- _Task brief_: Leaving out all pictures, write out word for word the lines from the one containing "A black Conair" to the end of the data below.

- _Available data_:
::::

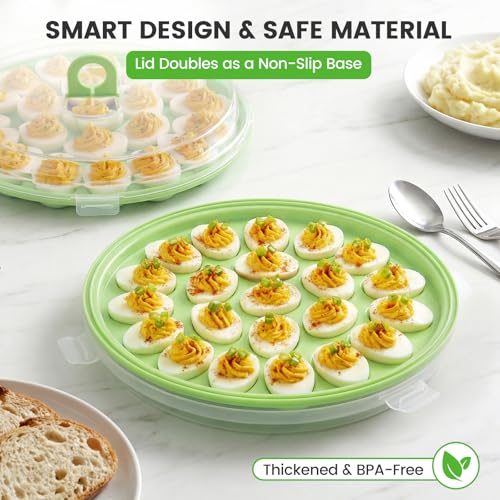 HANSGO Deviled Egg Containers with Lid, Deviled Egg Platter Carrier, Green | Deviled Eggs Tray With 22 Slots for Party, Home Kitchen and Other Festival - color: Green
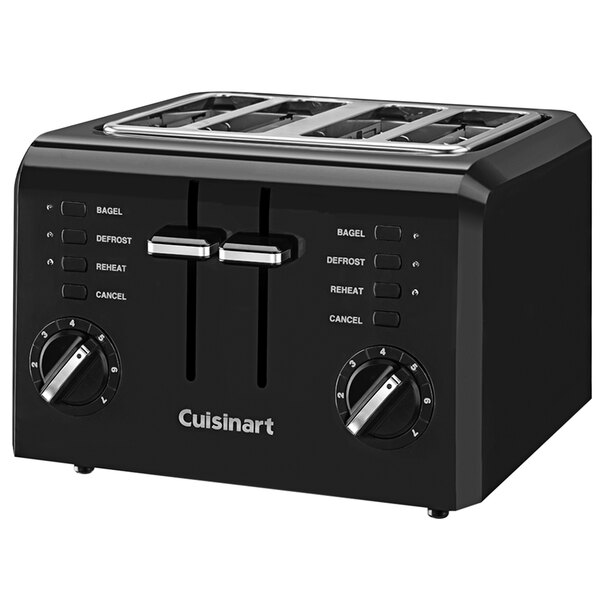 A black Conair Cuisinart 4-slice toaster with silver dials and buttons.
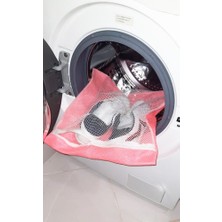 Ozcmax Pembe Fermuarlı - Hassas Çamaşır Terlik  Ayakkabı Yıkama Filesi Büyük Boy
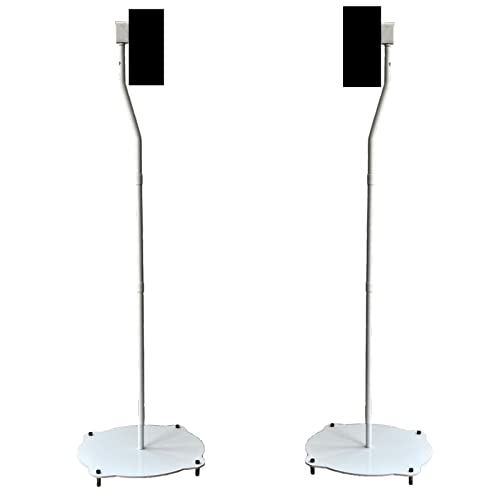 MYL 3 Different Fixed Height Satellite Speaker Stand for Home Theatre Speakers 2.1; 5.1 and 7.1 - Pack of 2 Stands (1Pairs) (BS-10) (White) - Image 1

::::

- _Answer to the problem_:
 A black Conair Cuisinart 4-slice toaster with silver dials and buttons.
 Ozcmax Pembe Fermuarlı - Hassas Çamaşır Terlik  Ayakkabı Yıkama Filesi Büyük Boy
 MYL 3 Different Fixed Height Satellite Speaker Stand for Home Theatre Speakers 2.1; 5.1 and 7.1 - Pack of 2 Stands (1Pairs) (BS-10) (White) - Image 1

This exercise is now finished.